Tot op heden volgden er nog vier marathons, die steeds sneller gingen. De hoeveelheid trainingsarbeid ging omhoog met als maximum een topweek van 100 km, maar die laatste 10 kilometers bleven zwaar. In ‘Runners’ las ik wel eens verslagen van ultralopen: wedstrijden over meer dan die willekeurige 42,195 km. Ook ‘de mens als duurloper’ van de legendarische Jan Knippenberg heb ik verslonden. Onder het lezen vroeg ik me wel eens af: hoe ver zou ik nu eigenlijk kunnen hardlopen? Hoe zou dat voelen?

Na de marathon van Eindhoven van oktober jl. (3:11:07) heb ik de zondagse lange duurlopen (2 tot 3 uur) gewoon weer opgepakt. De tempotrainingen gaan niet zo goed vanwege een onwillige linkerknie. Vrij impulsief besloot ik in de Kerstvakantie met Eric en Inge mee te gaan naar de FAT ASS 50 op 30 december in het Brabantse Soerendonk. Een leuke mogelijkheid om Inge weer eens te kunnen hazen; vijf rondjes (circa 35 km) was de bedoeling. Op de heenreis vroeg ik me wel af of een gemiddeld weektotaal van circa 45 km in de laatste 8 weken daarvoor wel voldoende zou zijn.

De omstandigheden op zaterdag 30 december 2000
Het was koud, regenachtig weer; de temperatuur lag rond het vriespunt en de wind was stevig uit het westen. Op de snelweg mocht maar 70 km/u gereden worden vanwege de gladheid. In het Brabantse lag duidelijk minder sneeuw. Dankzij de goede aanduidingen vonden we de plaats van inschrijving snel: een manege in het coulissenlandschap bij Soerendonk.

In een zeer gemoedelijke sfeer schreven we ons in. Dat alles niet bepaald efficiënt georganiseerd was stoorde ogenschijnlijk niemand. Geen enkele nervositeit. Veel ruige, baardige maar ook kale koppen; een bovengemiddeld gehalte aan oorringetjes. De start werd een kwartier uitgesteld naar 10:15 omdat een organisatieauto met diverse benodigdheden een greppel in was geschoven. Geen enkel probleem, dan konden de mensen die door het weer vertraagd waren ook nog mooi meedoen.

10 uur
Tijd voor de warming-up op weg naar de start die 500 meter verderop ligt. Het is glibberen over de beijsde zandpaden, die, omzoomd door populieren, door weilanden, akkers en bosperceeltjes lopen. Prachtig parcours.
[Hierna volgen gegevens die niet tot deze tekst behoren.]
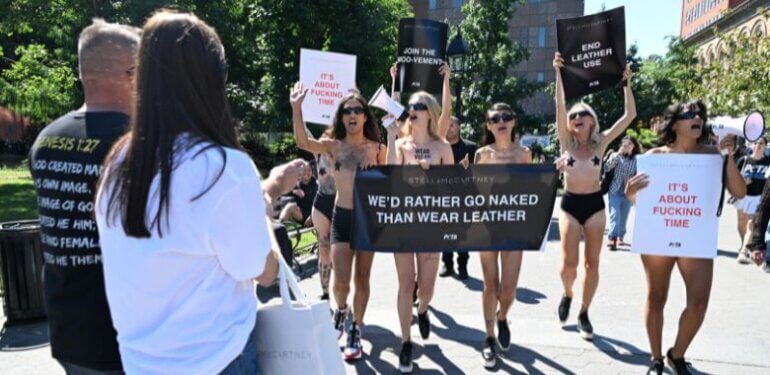 PETA activists hold up a sign saying "I
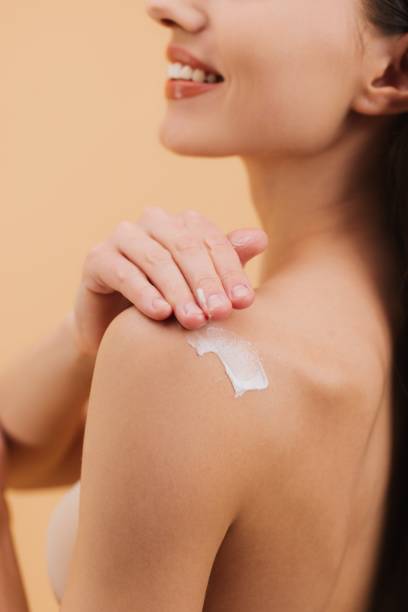 istock Smiling woman applying moisturizing cream on shoulder on a beige background. 2199990668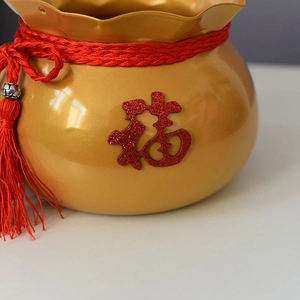 Detail eines goldenen Glücksbeutel-Blumeneimers mit rotem Fu-Zeichen und Quaste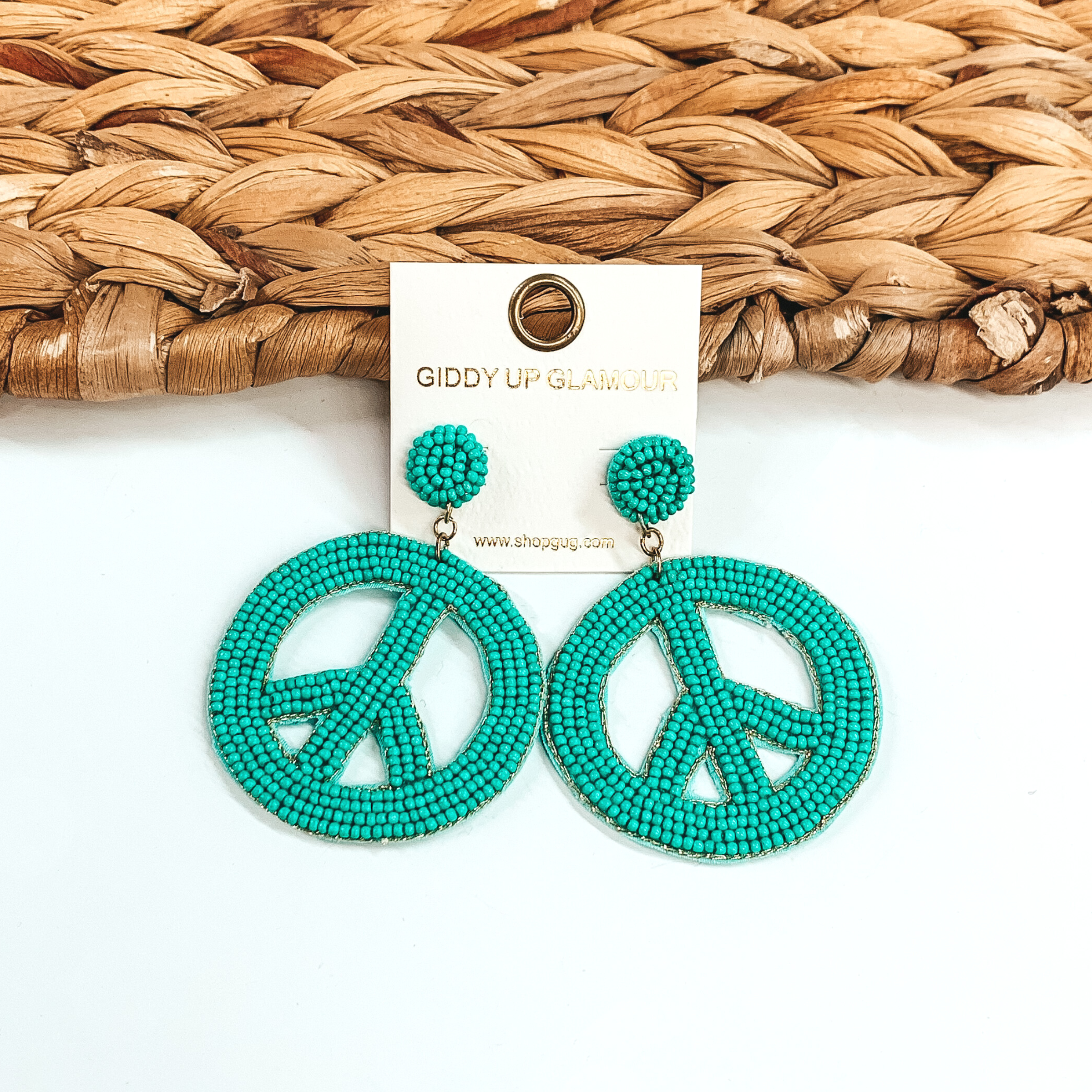 Circle beaded stud earrings with a beaded peace sign in turquoise. These earrings are pictured on a half white and half basket weave background.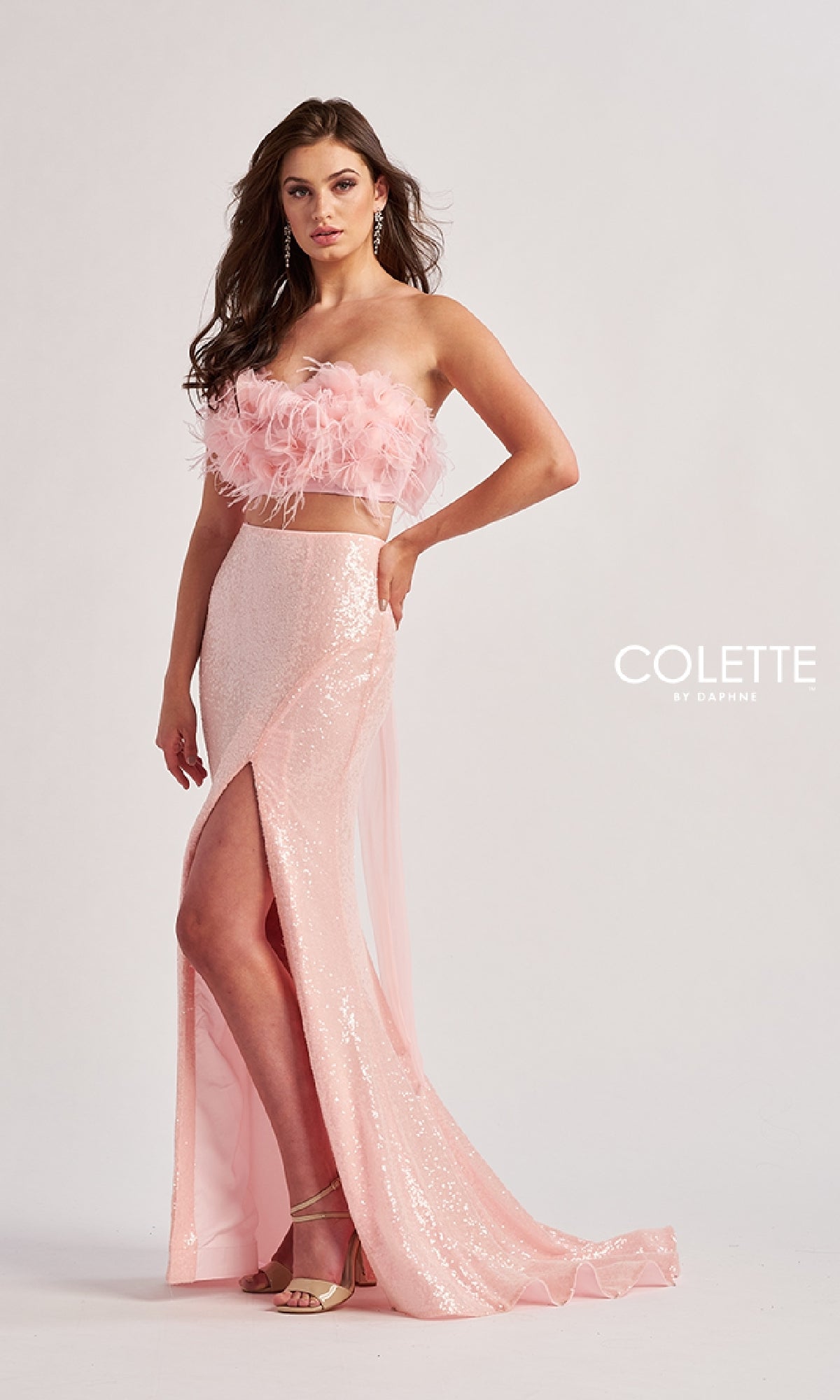 A woman models the Colette CL8450 long prom dress—a pink, strapless two-piece with a feathered crop top and sequined skirt with a thigh-high slit—standing before a plain backdrop,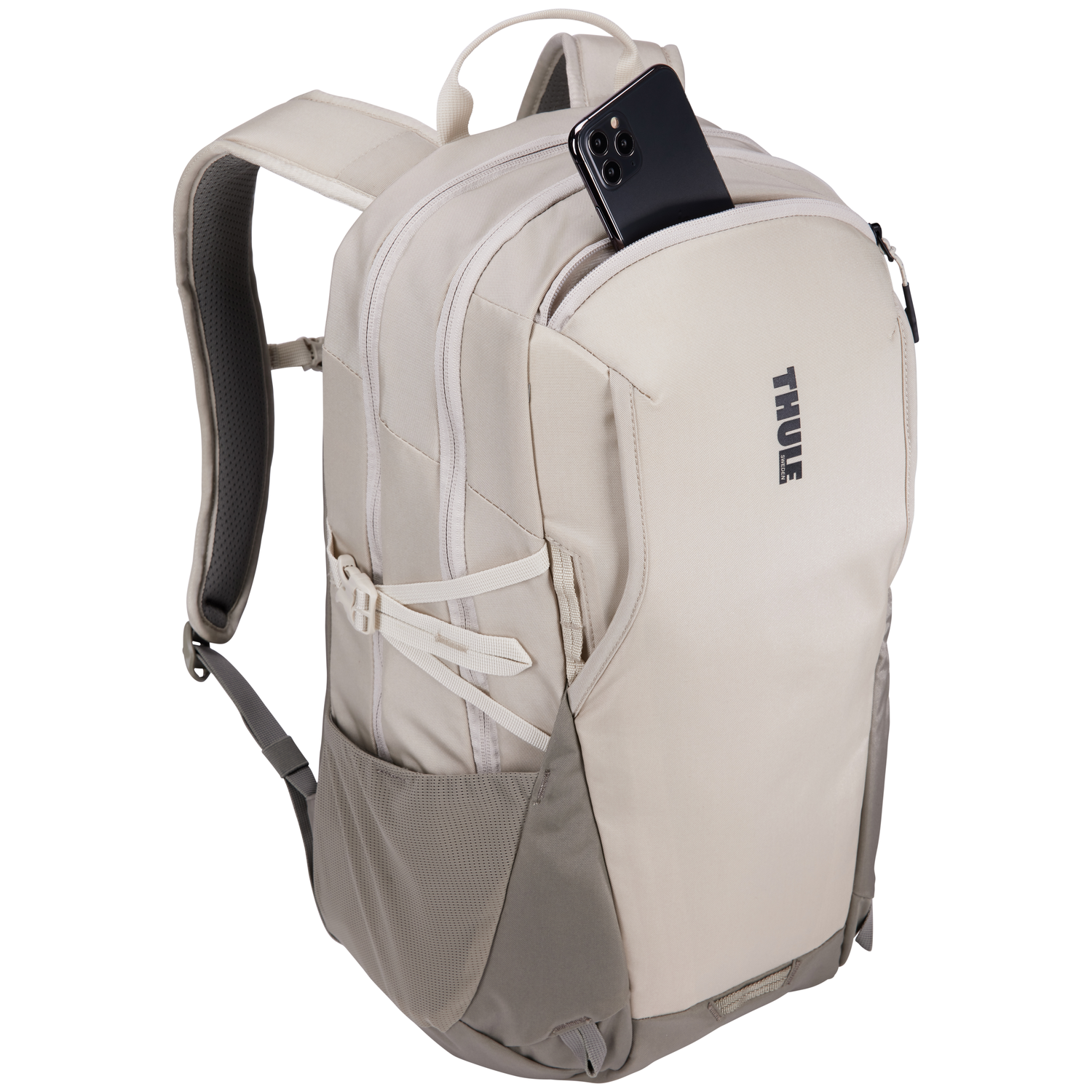 A beige Thule backpack with a phone in the front pocket. The backpack has adjustable straps and a handle. The background is white.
Een klein geplastificeerd bordje vermeldt ‘Start’. De baardige organisator beproeft het startinstrument: een luchtdrukclaxon. TOET!! ‘Ja, die doet ‘t !’ De vooruitziende lopers plaatsen koelboxen met verwamde sportvoeding langs het pad. Je hoort geen geklets over streeftijden of kwaaltjes; geen nerveus gedribbel of gedrang bij de start’streep’. Gemoedelijk wordt het parcours door de organisator toegelicht en op verzoek ‘vertaald’ voor de aanwezige Duitsers en Belgen.
‘Piep’ klinkt het; ‘ja jongens, dat was het startsignaal.’ Daar zijn we onderweg met 61 personen: 57 mannen en 4 vrouwen voor een tocht die door de meesten in 3,5 tot 5 uur volbracht zal worden.

De eerste kilometers is het zoals gewoonlijk zoeken naar het tempo. Lokaal zijn er besneeuwde en ijzige stukken. Door de voorsten wordt dit steeds gemeld. Uiteraard ontstaan de eerste groepjes. Eric snelt met de voorste mannen (4) mee; daarna volgen nog een groepje (6) dat ons net wat te snel gaat en wat sololopers. Inge en ik zitten daar weer achter in een groepje van een man of tien. De rest zit dus achter ons.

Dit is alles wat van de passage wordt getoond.